“The cubs, then, grew to be the size of spaniels, and then they became grown and were the size of hounds, and soon manes grew on them and they were the size of St. Bernards, and their eyes grew bright and shone at evening; and at last they were perfect Lions. But from a long association with Christian men they were genial, decorous, and loving, and ate nothing but cooked meat, bread, and now and then a sweetmeat. Also, they could stand up and beg. They could roar at command. They could jump over each other’s backs; they could play as many tricks as a dog. It was in this way that good came from them.

“For one day, when this man and his wife were in a better mood and had forgotten their poverty for an hour, there came to them in the carrier’s cart a parcel of wine sent them by a relative who had a vineyard. This may have been the turning of their luck: one cannot tell. Luck is above mankind. But, anyhow, they asked the carrier in and gave him wine. Now the carrier was a Mohammedan, and Mohammedans are treacherous, so when he saw two Lions walking about in a lonely house he did not call it witchcraft, as would a Christian man, but at once he offered a price for them; but the man and his wife had hearts so good they would not sell. Then the carrier changed his tune, and offered to hire them for one week and to pay for this fifty francs: this they gladly accepted.
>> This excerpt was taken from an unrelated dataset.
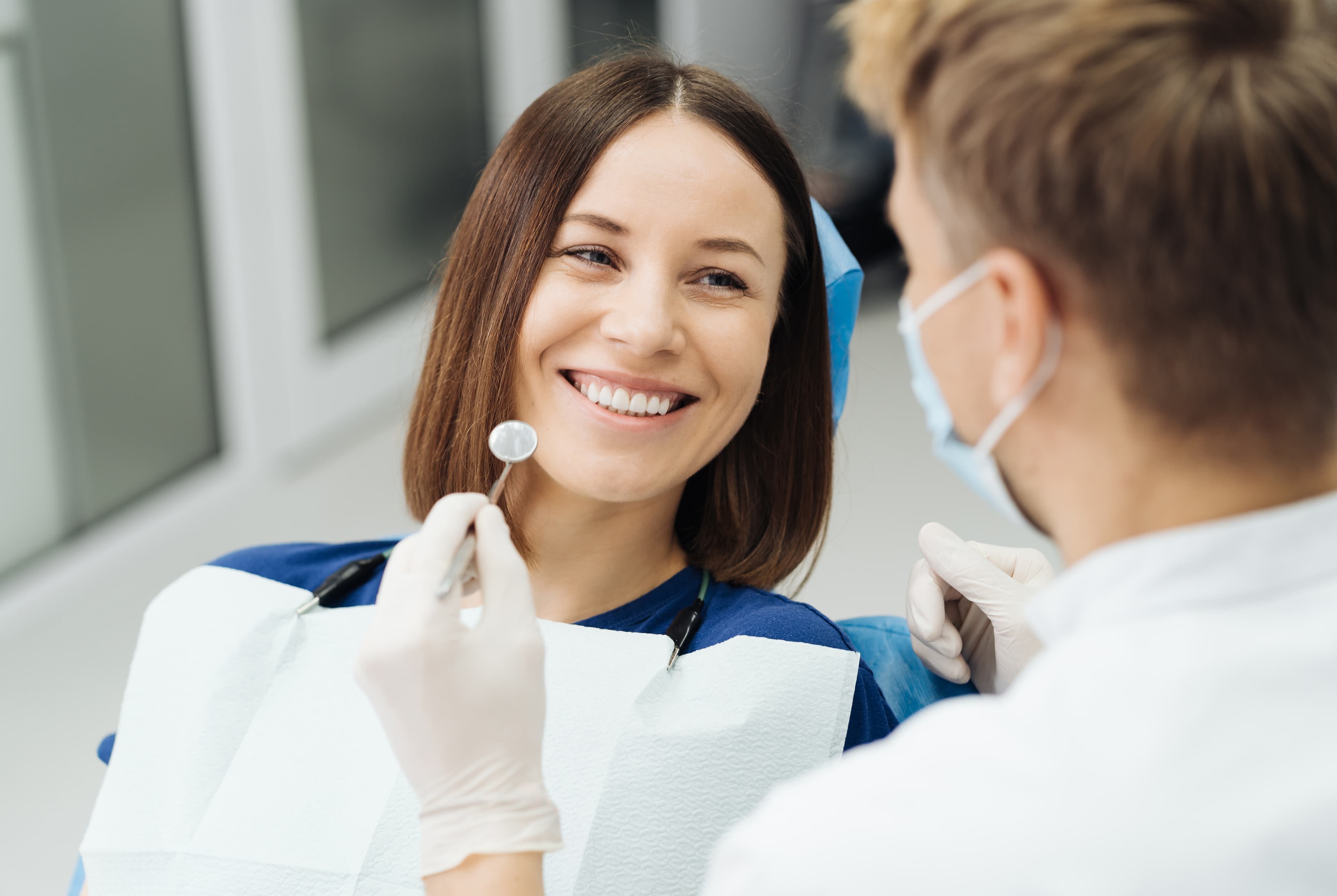 Imagen de dentista atendiendo a una paciente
For the carrier and men like him are incapable of honour except in one small thing, which is the keeping of words and dates: in this they are most exact. So at the end of the week he brought back the Lions, and gave the man and his wife fifty francs.

“But more was to come. For the carrier (and men like him) see profit where a Christian man would not see it, and he made a proposition to these people. He said: ‘Your Lions jump through hoops, they beg for sugar, and do other entertaining things: now I will travel with you and them, and half of all we earn shall go to you.’ The man and his wife were so simple and so necessitous that they accepted, and the tour began. But That Which Watches Over Us at last rewarded the man and his wife, for within a week the carrier died, and they went on up and down the country by themselves with their children, showing the Lions, till they began to earn incredible sums. They went to the great towns and to the sea coast. At last they became so rich that they went to Algiers, and there it is, as you may imagine, large rents but larger earnings. They lived in Algiers for one year, and became at last so rich that they crossed the sea and showed their Lions in Provence, in Lyons, and would have shown them in Paris but that, by the time they reached Tournus, they came to their own people and found themselves rich enough. There the man and his wife remained, but their children, who had been born in Africa, came back, and here they are now. They have friends to dinner every day, and all on account of Lions.”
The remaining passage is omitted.